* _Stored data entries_
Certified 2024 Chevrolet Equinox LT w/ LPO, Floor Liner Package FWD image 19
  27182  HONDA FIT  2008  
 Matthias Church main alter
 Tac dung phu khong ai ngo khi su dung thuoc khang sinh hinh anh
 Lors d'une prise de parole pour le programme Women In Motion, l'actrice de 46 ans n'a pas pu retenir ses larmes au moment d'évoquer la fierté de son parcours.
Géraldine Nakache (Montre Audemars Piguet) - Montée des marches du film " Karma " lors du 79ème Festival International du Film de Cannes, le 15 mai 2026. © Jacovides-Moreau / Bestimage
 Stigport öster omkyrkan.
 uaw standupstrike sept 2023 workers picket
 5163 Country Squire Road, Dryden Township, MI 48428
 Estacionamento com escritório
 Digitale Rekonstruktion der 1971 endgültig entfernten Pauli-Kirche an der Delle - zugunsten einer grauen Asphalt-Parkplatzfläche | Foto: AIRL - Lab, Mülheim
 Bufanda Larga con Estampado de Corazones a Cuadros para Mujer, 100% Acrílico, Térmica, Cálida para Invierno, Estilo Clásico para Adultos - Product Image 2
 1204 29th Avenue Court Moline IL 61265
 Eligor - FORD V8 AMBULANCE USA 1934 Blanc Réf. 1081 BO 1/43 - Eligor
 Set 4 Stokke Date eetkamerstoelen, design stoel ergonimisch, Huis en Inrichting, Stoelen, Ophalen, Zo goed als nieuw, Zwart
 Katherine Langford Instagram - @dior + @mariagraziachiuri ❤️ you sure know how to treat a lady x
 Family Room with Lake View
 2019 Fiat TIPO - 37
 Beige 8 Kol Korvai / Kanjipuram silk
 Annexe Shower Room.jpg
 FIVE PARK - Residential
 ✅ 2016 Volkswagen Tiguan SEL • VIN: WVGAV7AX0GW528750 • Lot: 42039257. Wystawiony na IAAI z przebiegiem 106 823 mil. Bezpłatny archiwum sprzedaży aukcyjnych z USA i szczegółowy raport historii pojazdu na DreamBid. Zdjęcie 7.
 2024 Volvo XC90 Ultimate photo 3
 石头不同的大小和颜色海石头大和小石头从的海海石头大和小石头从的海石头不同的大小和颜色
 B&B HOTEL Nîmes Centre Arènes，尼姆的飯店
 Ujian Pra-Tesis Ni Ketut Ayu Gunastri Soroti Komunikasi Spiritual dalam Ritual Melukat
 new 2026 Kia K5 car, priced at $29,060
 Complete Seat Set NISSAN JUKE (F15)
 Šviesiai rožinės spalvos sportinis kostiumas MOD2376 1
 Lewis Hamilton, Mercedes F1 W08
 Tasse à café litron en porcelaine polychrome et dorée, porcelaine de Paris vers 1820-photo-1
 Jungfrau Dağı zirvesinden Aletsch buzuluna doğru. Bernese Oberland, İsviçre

* _PROBLEM STATEMENT_
Start with the line above that contains "Géraldine Nakache (Montre" and end with the line that contains "Estacionamento com escritório". Write out those lines exactly, and only those.

* _THE ANSWER_
Géraldine Nakache (Montre Audemars Piguet) - Montée des marches du film " Karma " lors du 79ème Festival International du Film de Cannes, le 15 mai 2026. © Jacovides-Moreau / Bestimage
 Stigport öster omkyrkan.
 uaw standupstrike sept 2023 workers picket
 5163 Country Squire Road, Dryden Township, MI 48428
 Estacionamento com escritório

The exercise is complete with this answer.